→ **INSTRUCTIONS FOR THE TASK**: From the line containing "Britt boekenkast opbergkast" to the end of the data, retype every line exactly and nothing else. Drop the pictures.

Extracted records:
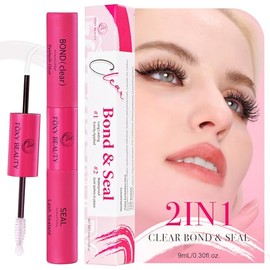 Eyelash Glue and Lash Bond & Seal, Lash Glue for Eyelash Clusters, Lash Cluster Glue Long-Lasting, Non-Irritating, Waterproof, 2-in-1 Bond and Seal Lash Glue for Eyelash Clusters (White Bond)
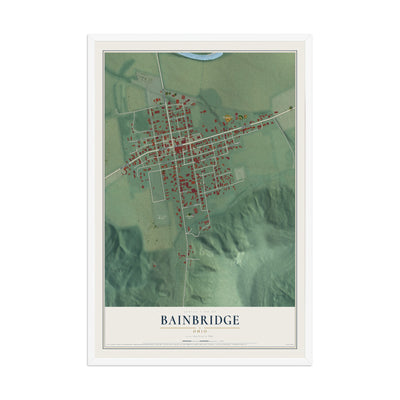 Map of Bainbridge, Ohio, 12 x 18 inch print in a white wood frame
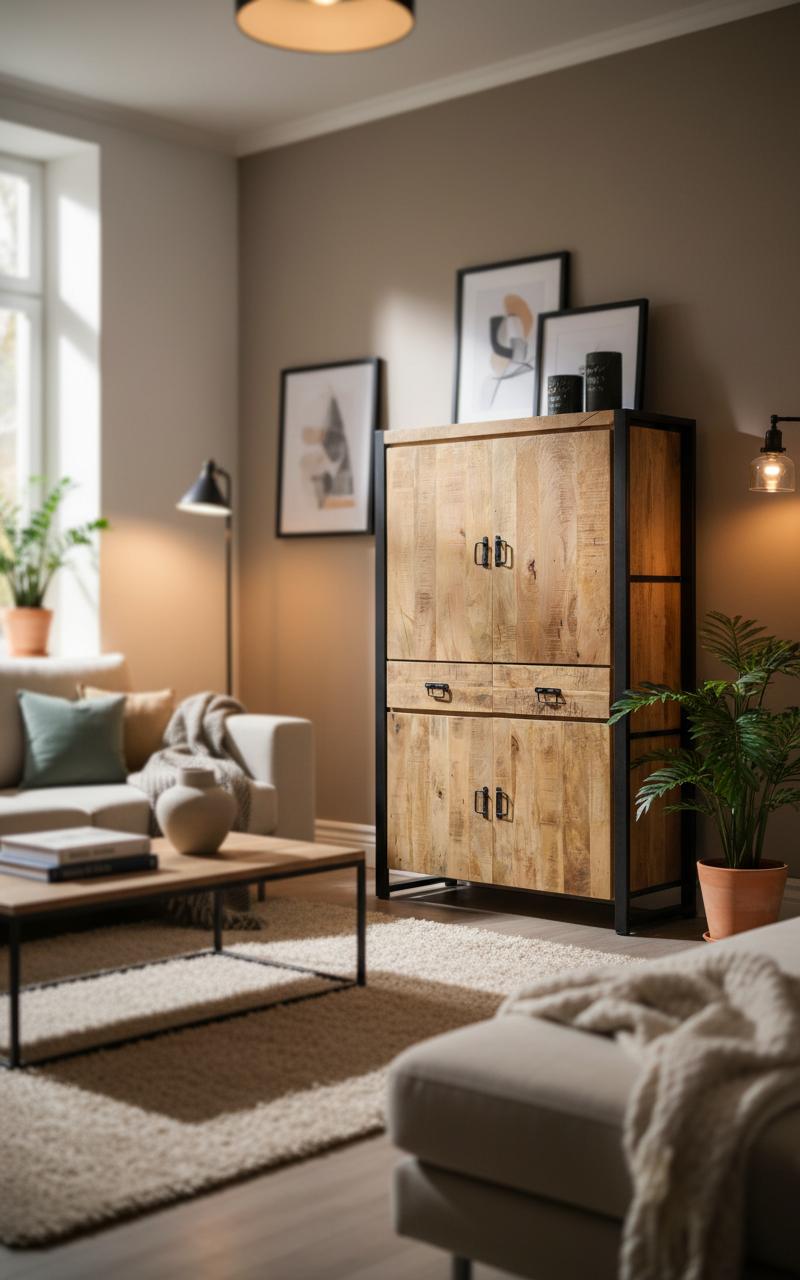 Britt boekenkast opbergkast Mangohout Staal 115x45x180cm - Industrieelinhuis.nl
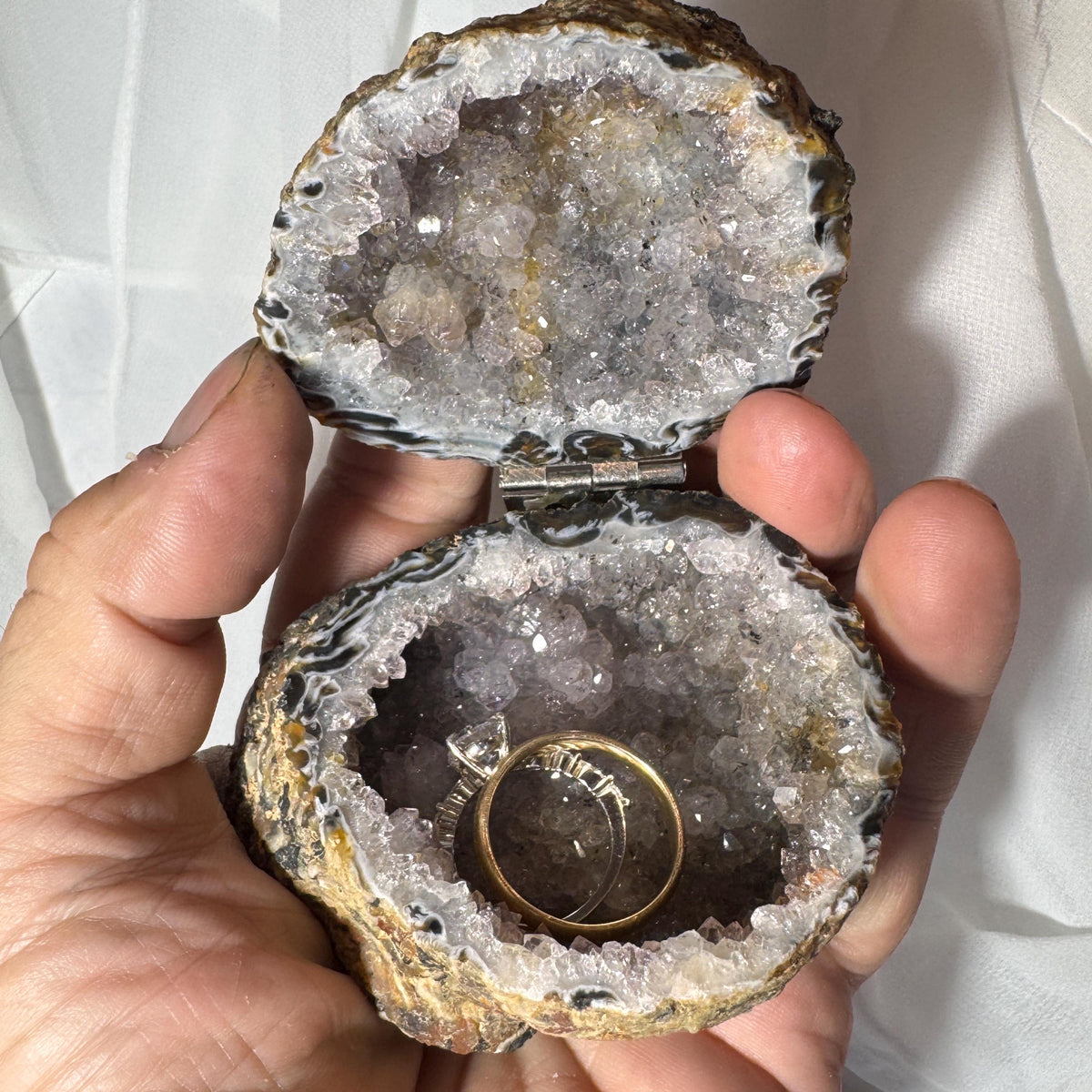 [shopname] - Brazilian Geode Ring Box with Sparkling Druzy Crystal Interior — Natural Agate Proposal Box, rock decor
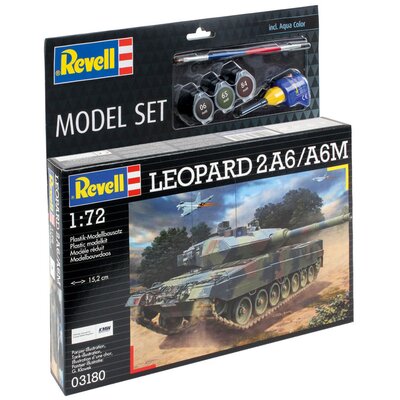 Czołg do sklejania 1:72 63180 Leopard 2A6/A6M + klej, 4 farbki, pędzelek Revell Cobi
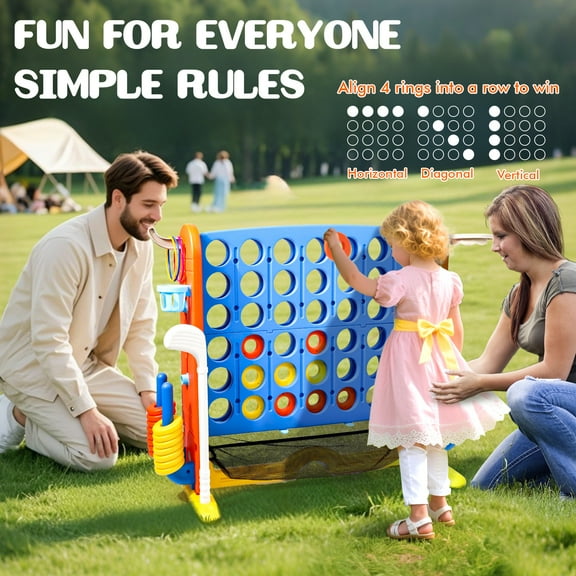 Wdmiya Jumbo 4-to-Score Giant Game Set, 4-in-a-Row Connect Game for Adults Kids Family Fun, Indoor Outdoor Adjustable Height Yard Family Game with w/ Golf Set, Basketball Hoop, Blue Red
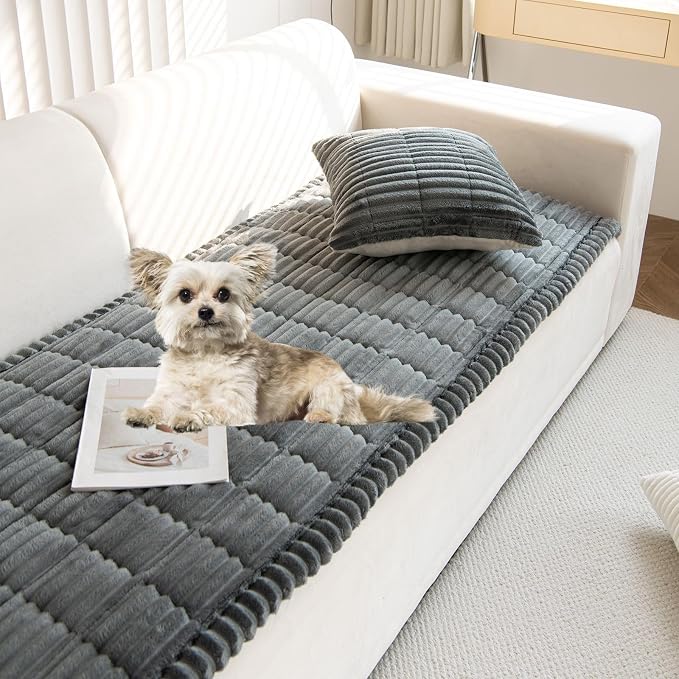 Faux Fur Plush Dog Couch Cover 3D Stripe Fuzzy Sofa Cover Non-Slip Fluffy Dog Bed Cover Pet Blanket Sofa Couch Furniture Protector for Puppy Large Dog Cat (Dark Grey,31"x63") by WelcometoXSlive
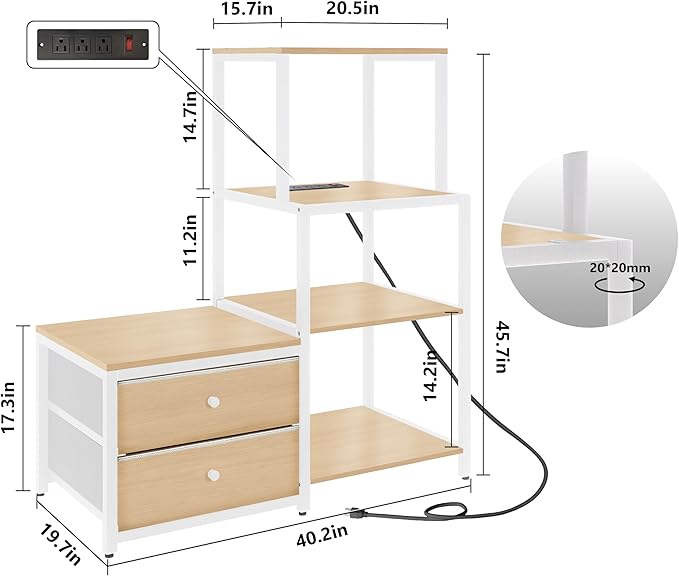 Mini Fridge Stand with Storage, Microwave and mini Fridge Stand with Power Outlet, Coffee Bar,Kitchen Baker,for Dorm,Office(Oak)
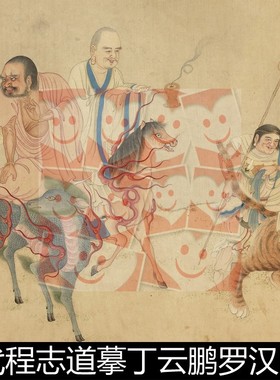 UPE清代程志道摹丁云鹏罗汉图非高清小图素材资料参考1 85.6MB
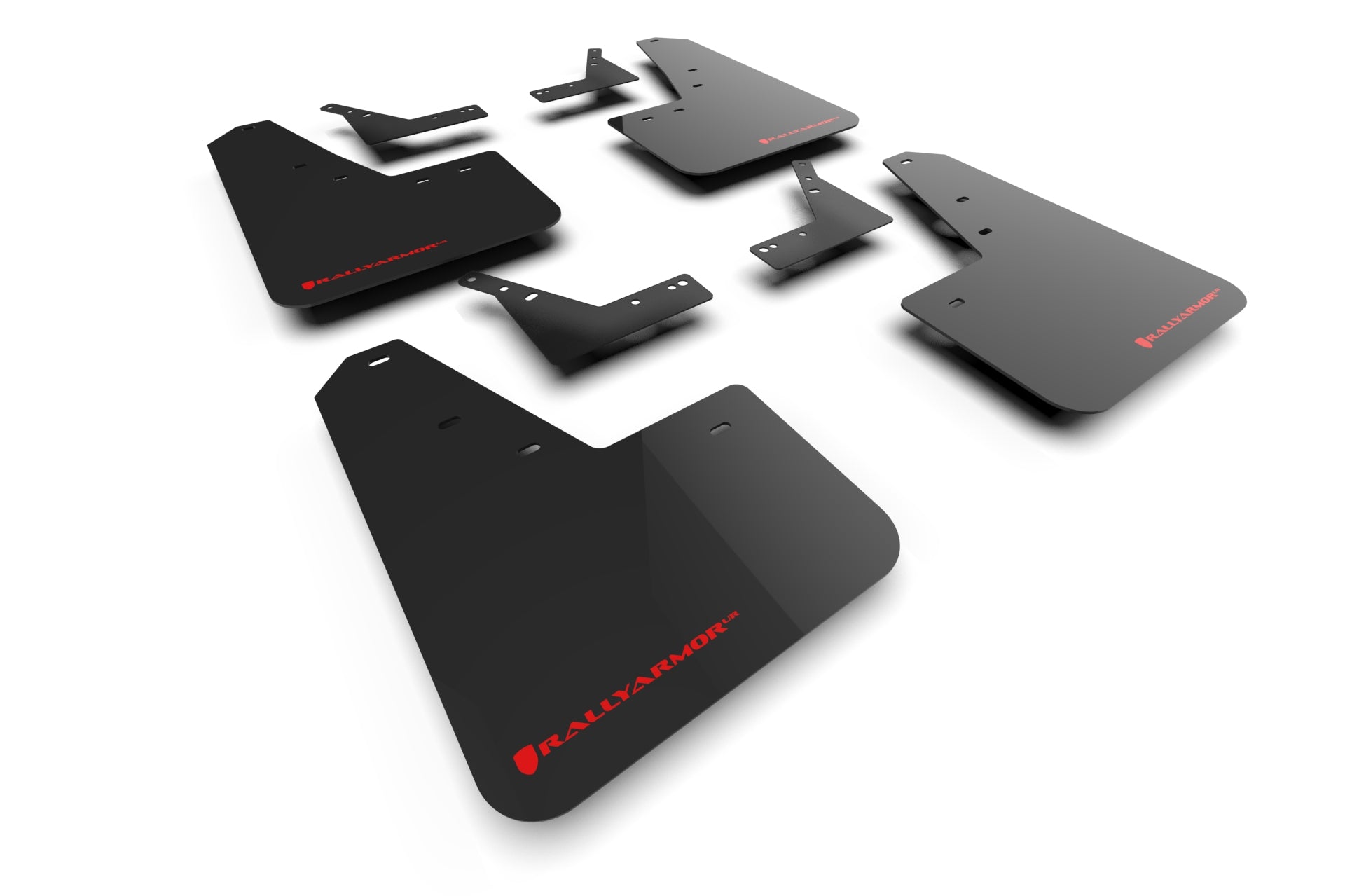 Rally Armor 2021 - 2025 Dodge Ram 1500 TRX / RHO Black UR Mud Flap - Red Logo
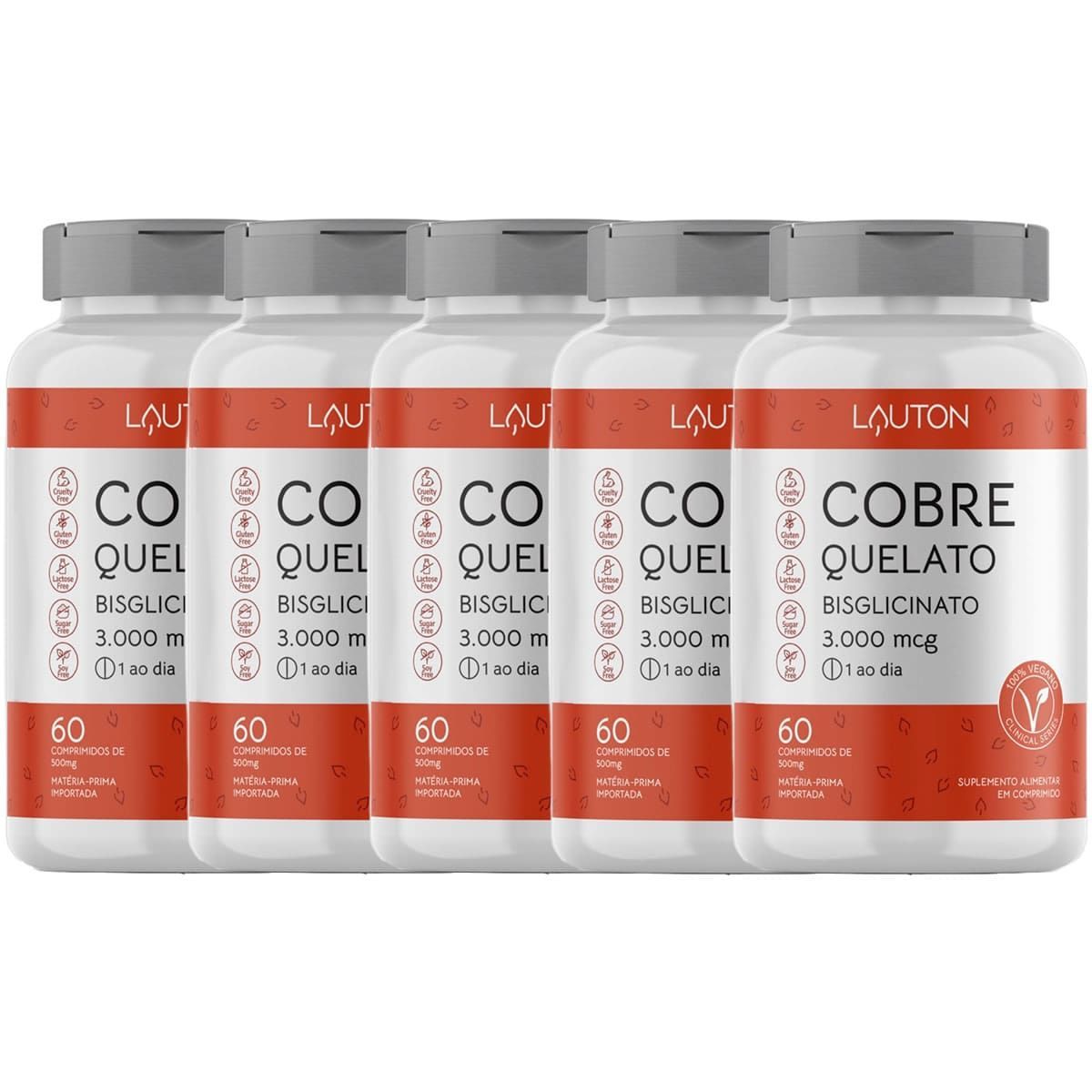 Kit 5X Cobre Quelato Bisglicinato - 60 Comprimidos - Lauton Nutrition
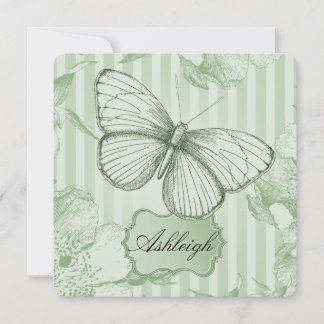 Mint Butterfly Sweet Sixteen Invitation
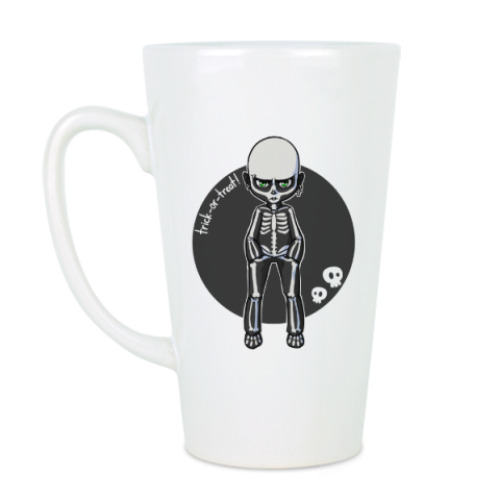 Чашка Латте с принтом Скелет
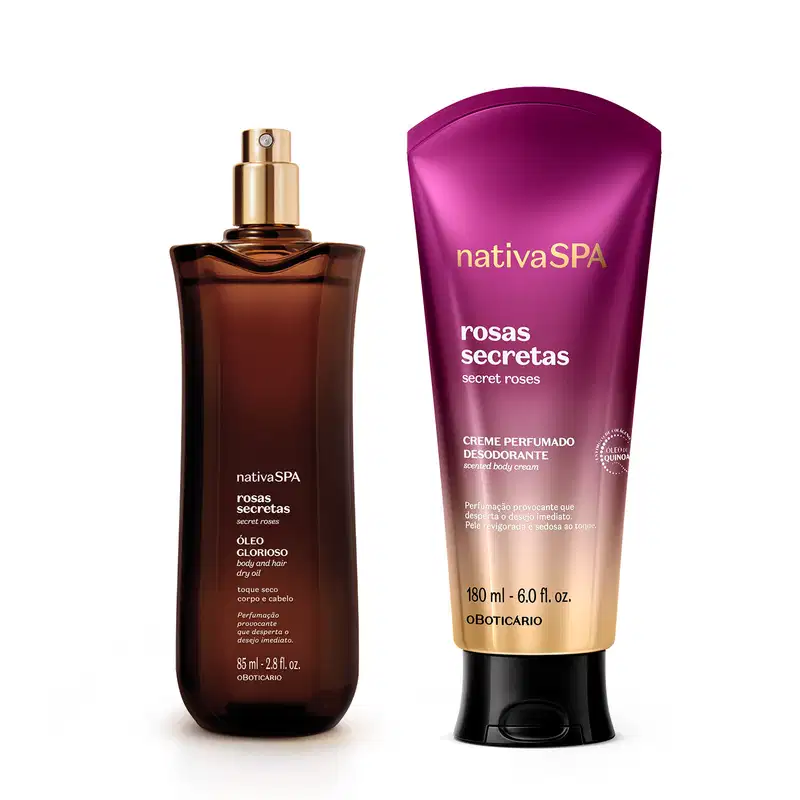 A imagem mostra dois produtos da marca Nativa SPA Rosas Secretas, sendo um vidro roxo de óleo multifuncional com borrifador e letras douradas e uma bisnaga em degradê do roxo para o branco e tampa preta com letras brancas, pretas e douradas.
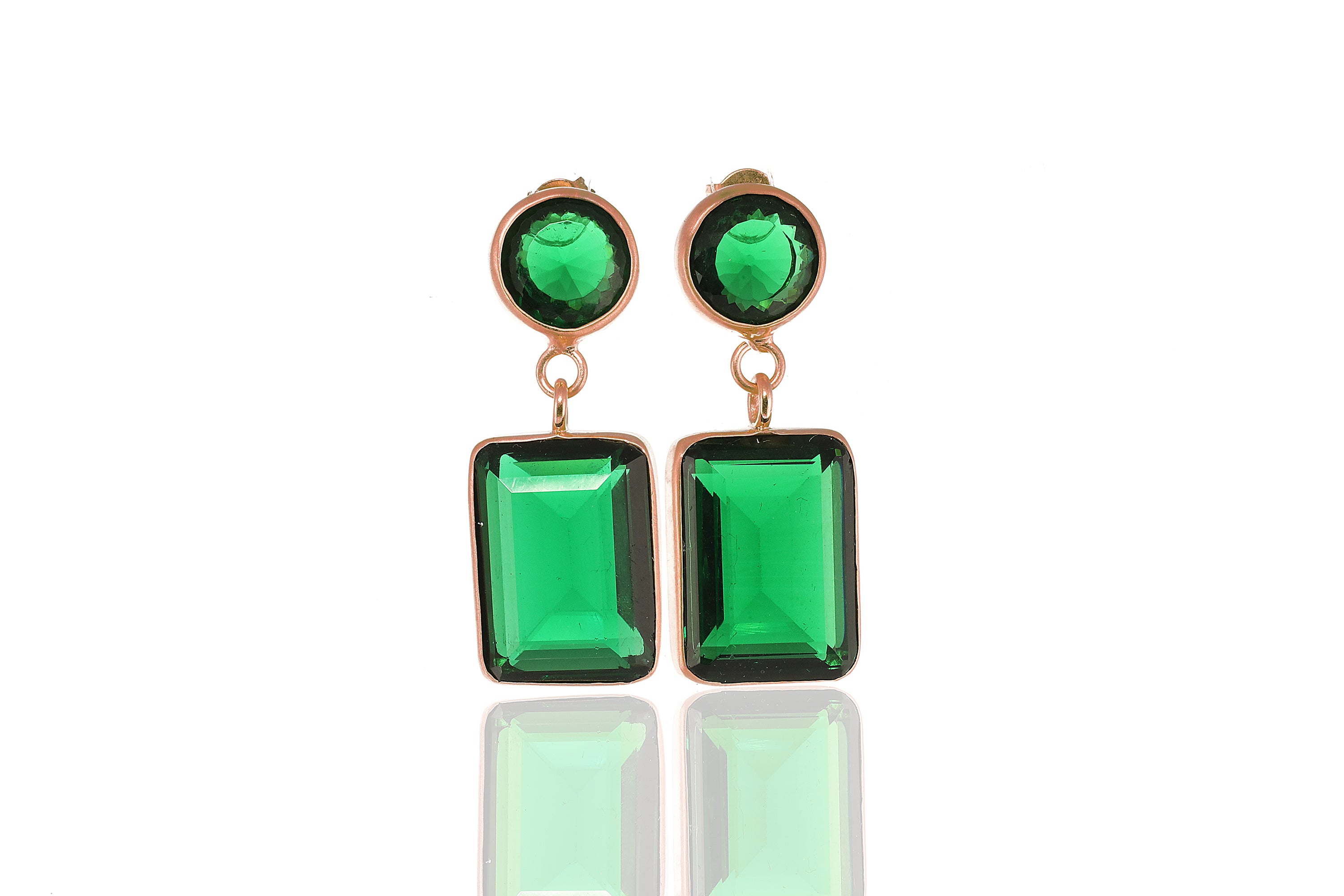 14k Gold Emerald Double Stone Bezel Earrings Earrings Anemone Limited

→ **SOLUTION TO THE EXERCISE**:
 Britt boekenkast opbergkast Mangohout Staal 115x45x180cm - Industrieelinhuis.nl
 [shopname] - Brazilian Geode Ring Box with Sparkling Druzy Crystal Interior — Natural Agate Proposal Box, rock decor
 Czołg do sklejania 1:72 63180 Leopard 2A6/A6M + klej, 4 farbki, pędzelek Revell Cobi
 Wdmiya Jumbo 4-to-Score Giant Game Set, 4-in-a-Row Connect Game for Adults Kids Family Fun, Indoor Outdoor Adjustable Height Yard Family Game with w/ Golf Set, Basketball Hoop, Blue Red
 Faux Fur Plush Dog Couch Cover 3D Stripe Fuzzy Sofa Cover Non-Slip Fluffy Dog Bed Cover Pet Blanket Sofa Couch Furniture Protector for Puppy Large Dog Cat (Dark Grey,31"x63") by WelcometoXSlive
 Mini Fridge Stand with Storage, Microwave and mini Fridge Stand with Power Outlet, Coffee Bar,Kitchen Baker,for Dorm,Office(Oak)
 UPE清代程志道摹丁云鹏罗汉图非高清小图素材资料参考1 85.6MB
 Rally Armor 2021 - 2025 Dodge Ram 1500 TRX / RHO Black UR Mud Flap - Red Logo
 Kit 5X Cobre Quelato Bisglicinato - 60 Comprimidos - Lauton Nutrition
 Mint Butterfly Sweet Sixteen Invitation
 Чашка Латте с принтом Скелет
 A imagem mostra dois produtos da marca Nativa SPA Rosas Secretas, sendo um vidro roxo de óleo multifuncional com borrifador e letras douradas e uma bisnaga em degradê do roxo para o branco e tampa preta com letras brancas, pretas e douradas.
 14k Gold Emerald Double Stone Bezel Earrings Earrings Anemone Limited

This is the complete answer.